- _Problem description_
Give the data below again exactly as written, without its pictures.

(Caption-style text data)
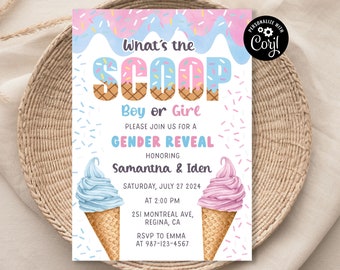 EDITABLE Ice Cream Gender Reveal Invitation Baby Boy Or Girl Party Invite Template He Or She What's the scoop Invitation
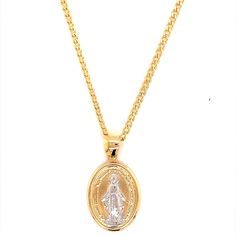 "18kt Gold Filled Curb Chain with Small Miraculous Medal Charm Chain Options and Lengths are available below. Chain thickness: 2mm For KIDS- Women: We recommend 16\" For MEN: We recommend 24\" Material: 18 Karat Gold Filled, Hypoallergenic. Tarnish Resistant. Gold-filled does not de-laminate or peel like Gold plated Jewelry nor does it tarnish as readily as silver. Generally speaking, gold filled is better quality and will have a much longer lasting color than plated jewelry. We recommend keepin Spiritual Miraculous Medal Pendant Jewelry, Spiritual Miraculous Medal Oval Pendant Jewelry, Spiritual Oval Pendant Jewelry With Miraculous Medal, Spiritual Oval Miraculous Medal Jewelry And Charms, Spiritual Oval Miraculous Medal Jewelry, Spiritual Necklace With Miraculous Medal Gift, Miraculous Medal Necklace With Round Pendant For Anniversary, Oval Miraculous Medal Spiritual Jewelry, Spiritual Yellow Gold Necklace With Miraculous Medal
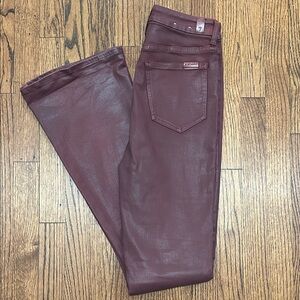 7 For All Mankind Coated Burgundy Flate Jeans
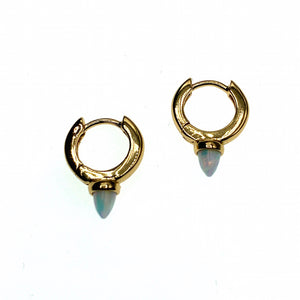 Bullet opal hoop earrings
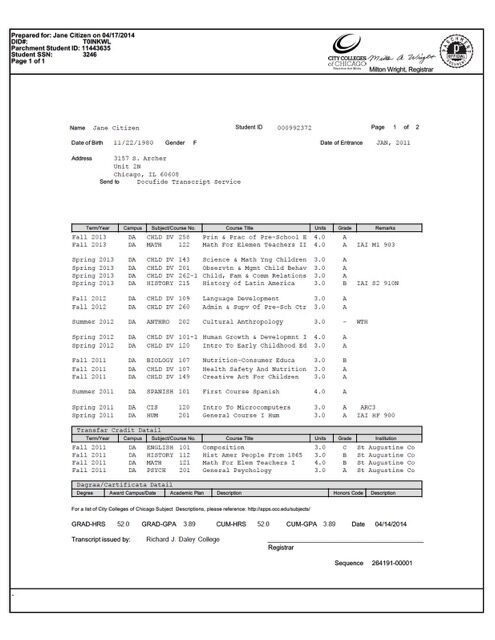 City Colleges of Chicago official trasncript Word and PDF template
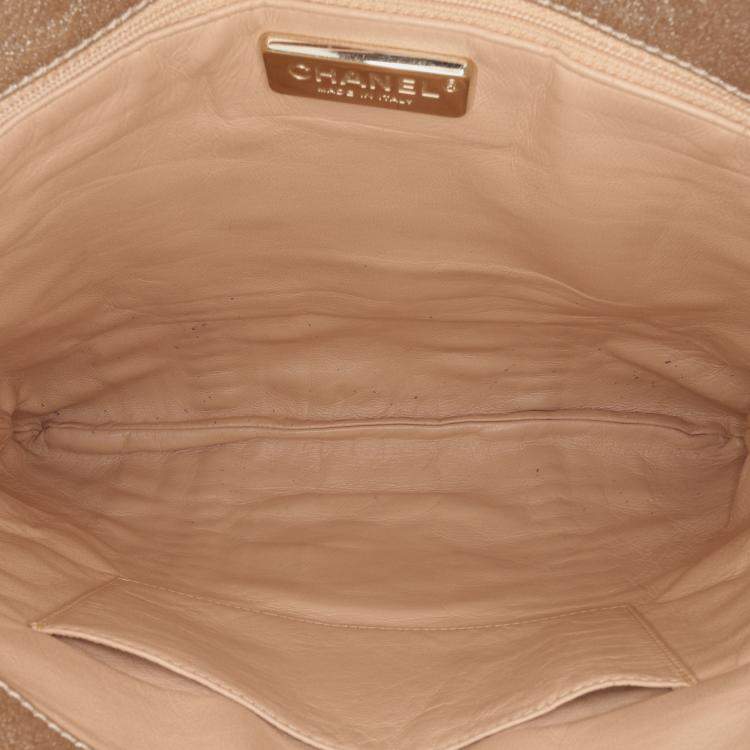 Pre Owned Chanel Gold Metallic Goatskin Luxe Ligne Tote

- _Written response_
 EDITABLE Ice Cream Gender Reveal Invitation Baby Boy Or Girl Party Invite Template He Or She What's the scoop Invitation
 "18kt Gold Filled Curb Chain with Small Miraculous Medal Charm Chain Options and Lengths are available below. Chain thickness: 2mm For KIDS- Women: We recommend 16\" For MEN: We recommend 24\" Material: 18 Karat Gold Filled, Hypoallergenic. Tarnish Resistant. Gold-filled does not de-laminate or peel like Gold plated Jewelry nor does it tarnish as readily as silver. Generally speaking, gold filled is better quality and will have a much longer lasting color than plated jewelry. We recommend keepin Spiritual Miraculous Medal Pendant Jewelry, Spiritual Miraculous Medal Oval Pendant Jewelry, Spiritual Oval Pendant Jewelry With Miraculous Medal, Spiritual Oval Miraculous Medal Jewelry And Charms, Spiritual Oval Miraculous Medal Jewelry, Spiritual Necklace With Miraculous Medal Gift, Miraculous Medal Necklace With Round Pendant For Anniversary, Oval Miraculous Medal Spiritual Jewelry, Spiritual Yellow Gold Necklace With Miraculous Medal
 7 For All Mankind Coated Burgundy Flate Jeans
 Bullet opal hoop earrings
 City Colleges of Chicago official trasncript Word and PDF template
 Pre Owned Chanel Gold Metallic Goatskin Luxe Ligne Tote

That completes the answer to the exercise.